◆ Provided material ◆
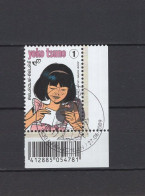 3922 Yoko Tsuno Gestempeld 2009 - Usati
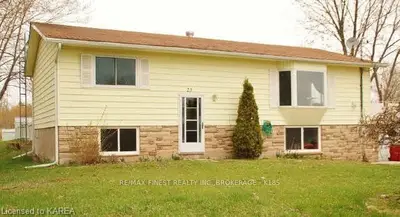 23 Peel Street, Stone Mills, On K0k 3g0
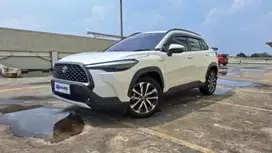 Promo Kredit Murah! Toyota Corolla 1.8 Cross Hybrid Bensin-AT 2020 SMQ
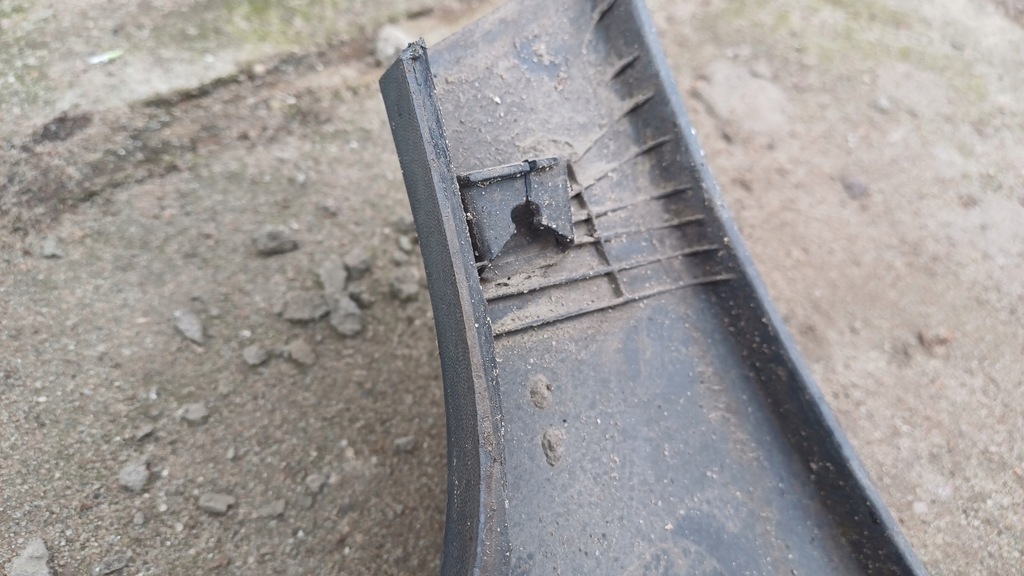 фото №9, Kia stonic молдинг порог правая 87754-h8400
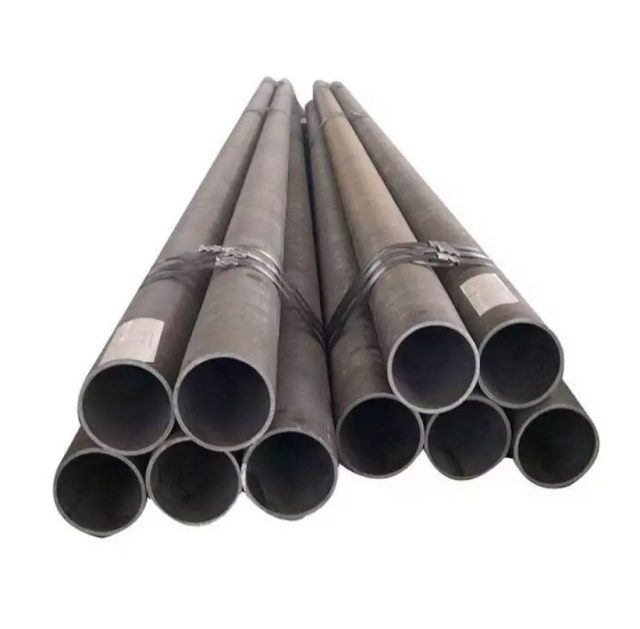20G Low Carbon Seamless Steel Pipe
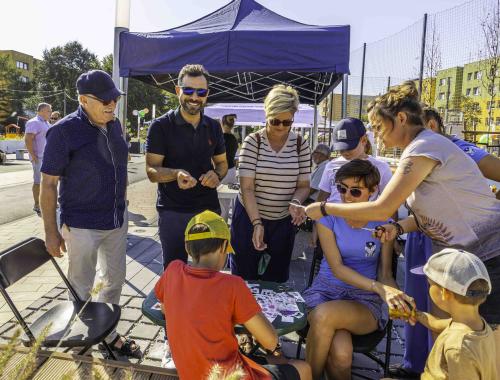 Sąsiad Sąsiadowi Bratem-festyn w Policach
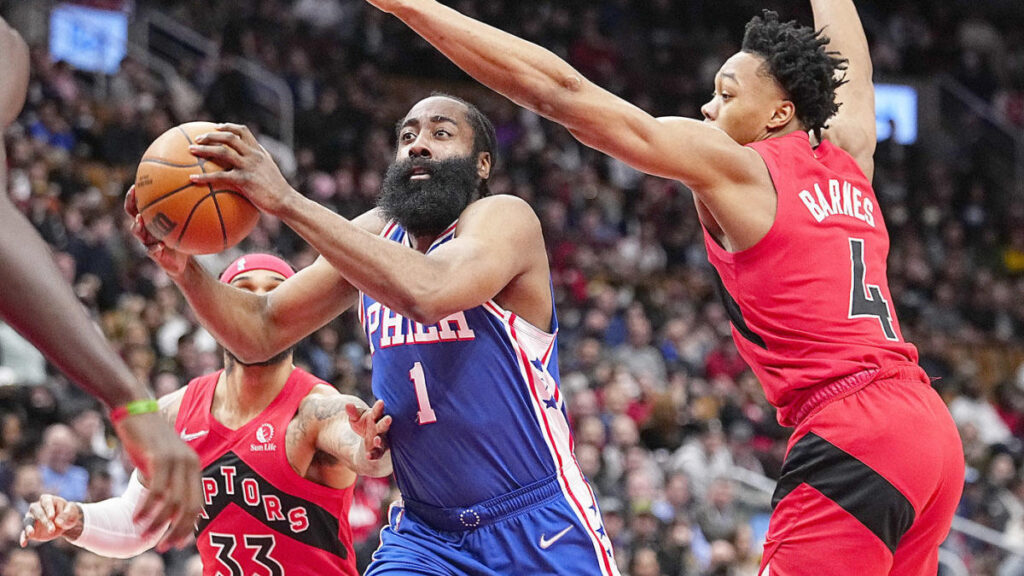 NBA Playoffs 2022: James Harden And His Uncertain Future With The 76ers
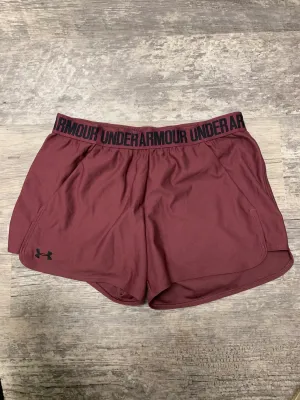 Under Armour Athletic Shorts Size Medium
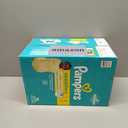 Pampers Swaddlers Diapers, Size 1 (8-14 lbs), 96 Count, Absorbent, Keeps Baby Dry and Comfortable, Skin Safe Disposable Baby Diaper 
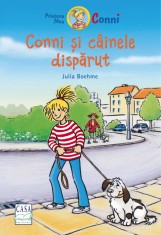 Conni si cainele disparut - Julia Boehme - Casa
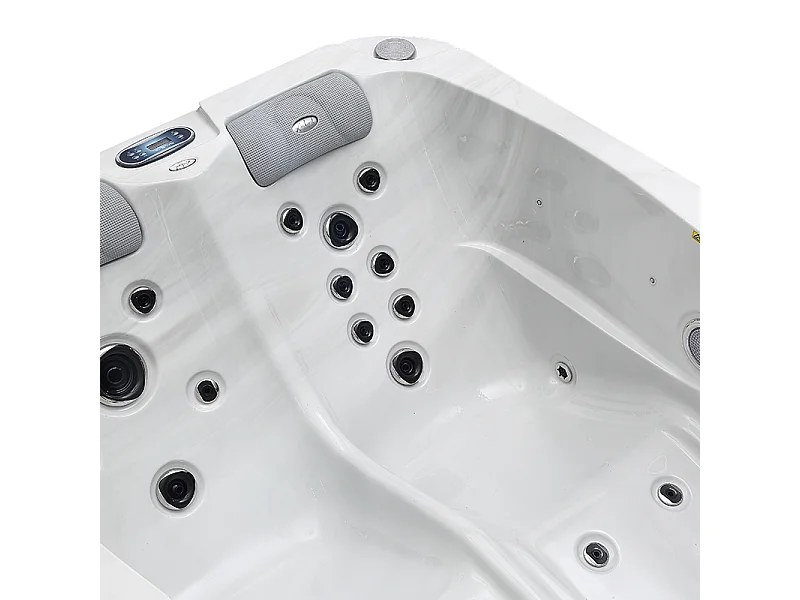 Spa Archipel® GR2 Relaxation : Spa Balboa® 2 places allongées 210 x 148 cm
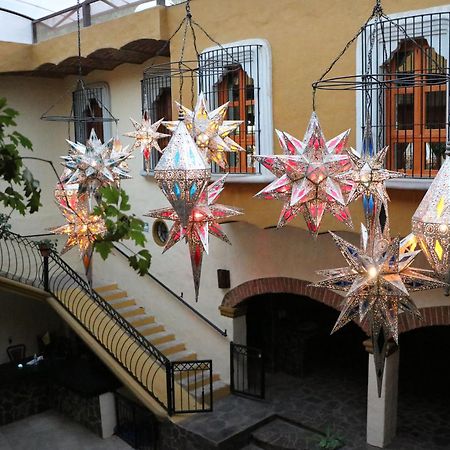 Hotel Castillo Santa Cecilia Tapalpa Buitenkant foto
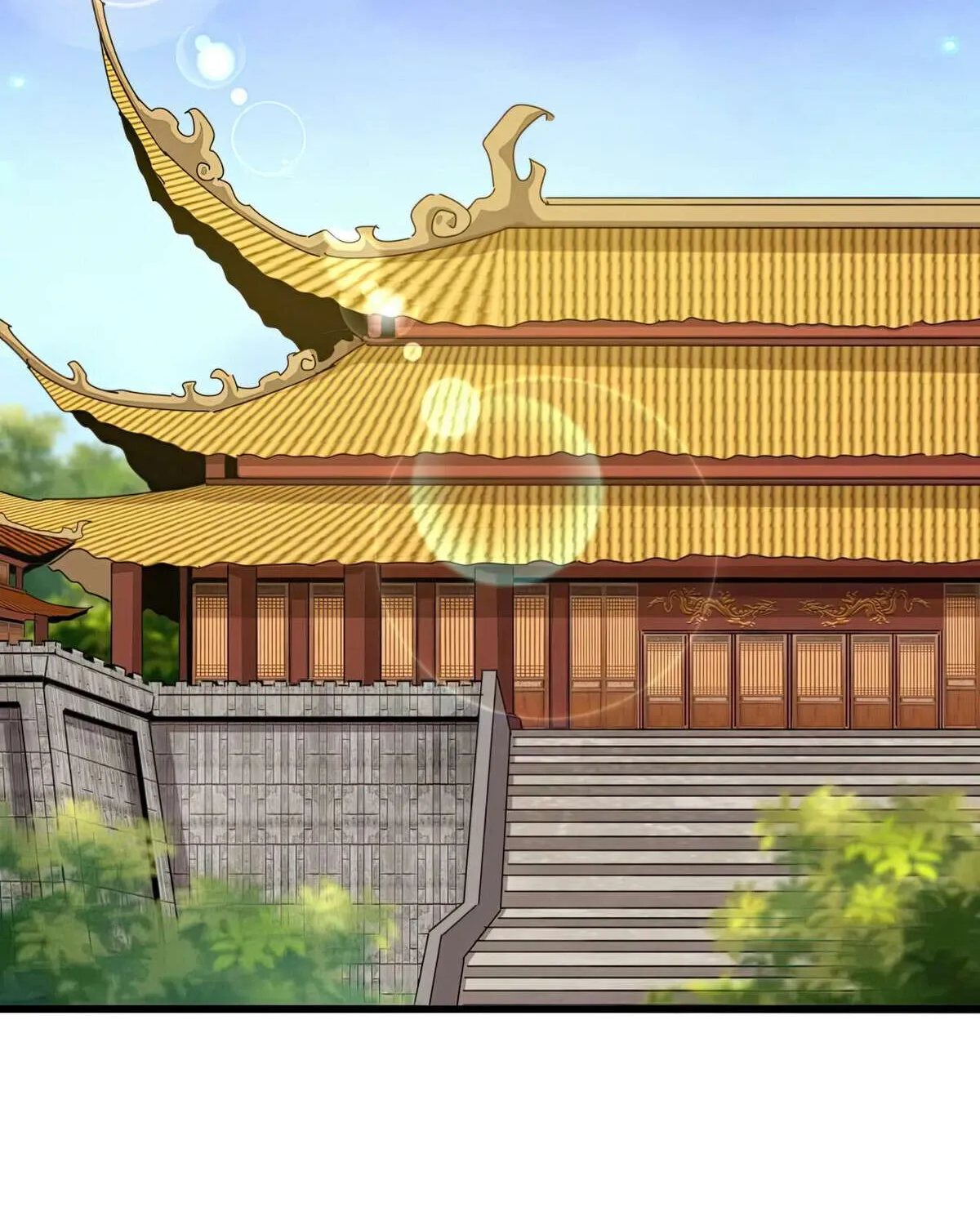 Read Magic Emperor chapter 414 image 29 on Lezhin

◆ Exercise aim ◆
Could you write out, word for word, the lines from the one containing "20G Low Carbon Seamless Steel Pipe" through the last line of the records, leaving out the pictures?

◆ Solved exercise ◆
20G Low Carbon Seamless Steel Pipe
 Sąsiad Sąsiadowi Bratem-festyn w Policach
 NBA Playoffs 2022: James Harden And His Uncertain Future With The 76ers
 Under Armour Athletic Shorts Size Medium
 Pampers Swaddlers Diapers, Size 1 (8-14 lbs), 96 Count, Absorbent, Keeps Baby Dry and Comfortable, Skin Safe Disposable Baby Diaper 
 Conni si cainele disparut - Julia Boehme - Casa
 Spa Archipel® GR2 Relaxation : Spa Balboa® 2 places allongées 210 x 148 cm
 Hotel Castillo Santa Cecilia Tapalpa Buitenkant foto
 Read Magic Emperor chapter 414 image 29 on Lezhin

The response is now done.